1. Questions
The highD dataset is a large-scale naturalistic dataset capturing human-driven vehicle trajectories. It is frequently praised for its precise, high-frequency data points, which result in smooth and accurate vehicle trajectories. The mean positional errors of vehicle midpoints in both longitudinal and lateral directions are less than 3 cm (Krajewski et al. 2018). Consequently, it has been widely used in numerous research projects, particularly in microscopic traffic studies, including car-following and lane-changing studies.
Despite its high quality, the dataset’s suitability for lane-changing research is questionable. Lane changes can be broadly categorized into discretionary lane changes (DLC) and mandatory lane changes (MLC). DLC mainly occurs when drivers perceive that the target lane offers better driving conditions, such as higher speeds, improved safety, or compliance with driving rules. In contrast, MLC occurs when drivers are forced to change lanes to avoid downstream obstructions or to position themselves in the appropriate lane for an upcoming maneuver (Wang, Ramezani, and Levinson 2024).

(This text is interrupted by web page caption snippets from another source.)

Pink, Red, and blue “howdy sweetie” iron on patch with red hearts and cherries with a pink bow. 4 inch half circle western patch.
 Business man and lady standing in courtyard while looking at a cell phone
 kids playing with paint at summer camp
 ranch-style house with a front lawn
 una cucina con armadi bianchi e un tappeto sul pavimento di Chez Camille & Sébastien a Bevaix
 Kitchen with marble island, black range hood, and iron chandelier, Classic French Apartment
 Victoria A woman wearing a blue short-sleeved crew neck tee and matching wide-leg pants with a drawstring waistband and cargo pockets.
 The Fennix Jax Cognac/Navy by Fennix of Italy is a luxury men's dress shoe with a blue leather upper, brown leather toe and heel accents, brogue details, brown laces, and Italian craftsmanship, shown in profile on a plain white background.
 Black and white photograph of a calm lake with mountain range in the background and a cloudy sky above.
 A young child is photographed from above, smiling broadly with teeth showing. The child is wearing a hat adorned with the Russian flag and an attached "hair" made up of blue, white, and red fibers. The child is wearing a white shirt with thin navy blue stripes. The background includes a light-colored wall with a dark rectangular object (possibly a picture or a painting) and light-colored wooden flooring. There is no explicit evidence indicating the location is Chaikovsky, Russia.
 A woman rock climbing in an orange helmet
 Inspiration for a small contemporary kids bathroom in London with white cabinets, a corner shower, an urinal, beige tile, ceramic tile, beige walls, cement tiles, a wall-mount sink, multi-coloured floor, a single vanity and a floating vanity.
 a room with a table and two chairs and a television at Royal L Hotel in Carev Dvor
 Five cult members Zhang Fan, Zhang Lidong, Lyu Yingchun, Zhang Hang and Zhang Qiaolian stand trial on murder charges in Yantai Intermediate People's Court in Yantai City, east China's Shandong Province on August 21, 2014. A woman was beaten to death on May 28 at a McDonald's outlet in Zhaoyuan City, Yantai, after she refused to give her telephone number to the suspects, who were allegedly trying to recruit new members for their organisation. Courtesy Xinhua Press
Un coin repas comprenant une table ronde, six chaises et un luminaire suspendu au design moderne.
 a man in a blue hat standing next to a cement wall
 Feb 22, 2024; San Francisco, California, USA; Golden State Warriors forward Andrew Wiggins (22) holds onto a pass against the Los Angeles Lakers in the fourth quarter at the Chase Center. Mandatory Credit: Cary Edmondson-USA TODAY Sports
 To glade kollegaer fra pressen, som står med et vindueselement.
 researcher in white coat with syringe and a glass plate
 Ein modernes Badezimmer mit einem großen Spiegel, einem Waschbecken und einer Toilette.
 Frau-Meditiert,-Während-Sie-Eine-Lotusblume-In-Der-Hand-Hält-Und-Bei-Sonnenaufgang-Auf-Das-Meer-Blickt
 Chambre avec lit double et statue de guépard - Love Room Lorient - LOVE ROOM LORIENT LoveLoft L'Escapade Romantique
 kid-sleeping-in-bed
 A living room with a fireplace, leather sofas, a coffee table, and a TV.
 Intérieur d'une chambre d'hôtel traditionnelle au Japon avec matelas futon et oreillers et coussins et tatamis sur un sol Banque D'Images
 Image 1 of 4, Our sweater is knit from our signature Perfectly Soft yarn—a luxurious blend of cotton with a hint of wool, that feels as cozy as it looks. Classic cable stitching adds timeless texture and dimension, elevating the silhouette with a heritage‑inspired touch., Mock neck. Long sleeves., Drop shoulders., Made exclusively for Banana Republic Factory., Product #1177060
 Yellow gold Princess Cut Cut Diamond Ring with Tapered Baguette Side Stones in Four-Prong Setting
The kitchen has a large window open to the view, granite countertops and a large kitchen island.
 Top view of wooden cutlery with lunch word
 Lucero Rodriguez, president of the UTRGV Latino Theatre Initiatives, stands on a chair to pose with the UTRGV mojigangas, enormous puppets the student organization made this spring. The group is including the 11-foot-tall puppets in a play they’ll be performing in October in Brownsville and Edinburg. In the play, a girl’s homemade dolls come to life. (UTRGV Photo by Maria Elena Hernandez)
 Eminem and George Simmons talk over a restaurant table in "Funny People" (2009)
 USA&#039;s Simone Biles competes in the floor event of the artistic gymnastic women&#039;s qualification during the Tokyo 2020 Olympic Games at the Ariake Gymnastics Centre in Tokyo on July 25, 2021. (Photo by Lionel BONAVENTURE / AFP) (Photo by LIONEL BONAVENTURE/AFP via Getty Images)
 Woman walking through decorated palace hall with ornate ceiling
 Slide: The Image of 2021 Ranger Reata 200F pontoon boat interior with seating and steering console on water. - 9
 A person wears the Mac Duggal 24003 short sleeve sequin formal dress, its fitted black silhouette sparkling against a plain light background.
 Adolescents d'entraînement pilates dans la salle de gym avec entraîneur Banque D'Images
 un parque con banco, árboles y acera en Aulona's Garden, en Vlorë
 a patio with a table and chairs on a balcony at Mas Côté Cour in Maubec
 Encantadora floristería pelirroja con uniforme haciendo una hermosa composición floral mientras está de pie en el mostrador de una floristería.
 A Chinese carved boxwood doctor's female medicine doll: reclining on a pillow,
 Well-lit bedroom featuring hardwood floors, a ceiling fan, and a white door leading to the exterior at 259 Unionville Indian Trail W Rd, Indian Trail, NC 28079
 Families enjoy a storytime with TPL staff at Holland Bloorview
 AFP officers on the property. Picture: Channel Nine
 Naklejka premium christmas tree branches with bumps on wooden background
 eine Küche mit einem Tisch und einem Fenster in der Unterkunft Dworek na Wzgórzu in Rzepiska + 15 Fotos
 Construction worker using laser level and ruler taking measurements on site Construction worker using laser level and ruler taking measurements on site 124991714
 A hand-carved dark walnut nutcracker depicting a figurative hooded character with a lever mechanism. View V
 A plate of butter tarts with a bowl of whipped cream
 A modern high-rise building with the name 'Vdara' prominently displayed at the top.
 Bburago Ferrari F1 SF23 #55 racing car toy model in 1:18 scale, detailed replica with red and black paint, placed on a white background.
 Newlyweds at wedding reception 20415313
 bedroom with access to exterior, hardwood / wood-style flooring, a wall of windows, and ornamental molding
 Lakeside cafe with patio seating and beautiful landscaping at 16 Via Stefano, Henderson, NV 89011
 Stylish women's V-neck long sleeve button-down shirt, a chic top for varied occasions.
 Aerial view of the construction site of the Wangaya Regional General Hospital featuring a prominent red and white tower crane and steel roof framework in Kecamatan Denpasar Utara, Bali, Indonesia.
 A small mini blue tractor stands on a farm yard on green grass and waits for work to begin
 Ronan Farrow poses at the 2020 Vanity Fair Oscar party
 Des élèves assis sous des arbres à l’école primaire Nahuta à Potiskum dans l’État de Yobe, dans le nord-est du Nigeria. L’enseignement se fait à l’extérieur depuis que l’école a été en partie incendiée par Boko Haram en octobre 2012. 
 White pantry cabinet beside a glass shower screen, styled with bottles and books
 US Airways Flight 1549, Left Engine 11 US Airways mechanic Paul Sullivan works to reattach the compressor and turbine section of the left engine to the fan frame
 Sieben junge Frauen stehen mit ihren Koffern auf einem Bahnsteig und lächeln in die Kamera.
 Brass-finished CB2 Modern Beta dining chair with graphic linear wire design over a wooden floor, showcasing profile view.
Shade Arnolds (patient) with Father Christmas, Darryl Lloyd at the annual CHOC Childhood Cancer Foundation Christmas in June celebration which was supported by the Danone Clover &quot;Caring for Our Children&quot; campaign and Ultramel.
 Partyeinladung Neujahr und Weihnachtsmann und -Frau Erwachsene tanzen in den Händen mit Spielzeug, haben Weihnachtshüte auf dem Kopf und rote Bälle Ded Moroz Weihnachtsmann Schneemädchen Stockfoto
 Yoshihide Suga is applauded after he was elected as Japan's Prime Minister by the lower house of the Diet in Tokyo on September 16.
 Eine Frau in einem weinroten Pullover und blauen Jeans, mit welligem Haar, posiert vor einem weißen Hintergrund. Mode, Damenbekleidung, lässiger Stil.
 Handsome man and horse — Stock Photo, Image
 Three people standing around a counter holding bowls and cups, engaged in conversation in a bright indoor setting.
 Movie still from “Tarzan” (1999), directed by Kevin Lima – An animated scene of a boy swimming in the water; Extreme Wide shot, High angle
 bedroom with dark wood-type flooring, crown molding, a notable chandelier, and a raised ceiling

The highD dataset, which does not feature ramps or lane drops in its recordings, is primarily used for studying DLC (C. Zhang et al. 2022; Ji, Ramezani, and Levinson 2023; Y. Zhang et al. 2023). However, its recording segments are relatively short (approximately 420 m), and the specific locations of the recording sites are not disclosed. As a result, the dataset lacks upstream and downstream context, making it challenging to infer the broader trajectory conditions.
In this paper, we examine the suitability of the highD dataset for studying DLC by analyzing drivers’ lane-changing actions, as well as their behaviors before and after lane changes.
2. Methods
The highD dataset consists of 60 drone recordings that are on average 17 minutes in duration. These recordings, referred to as tracks, were recorded at 6 different locations near Cologne, Germany. Location 1 is the most represented, with 37 out of the 60 tracks. As a result, our study primarily focuses on tracks from this location.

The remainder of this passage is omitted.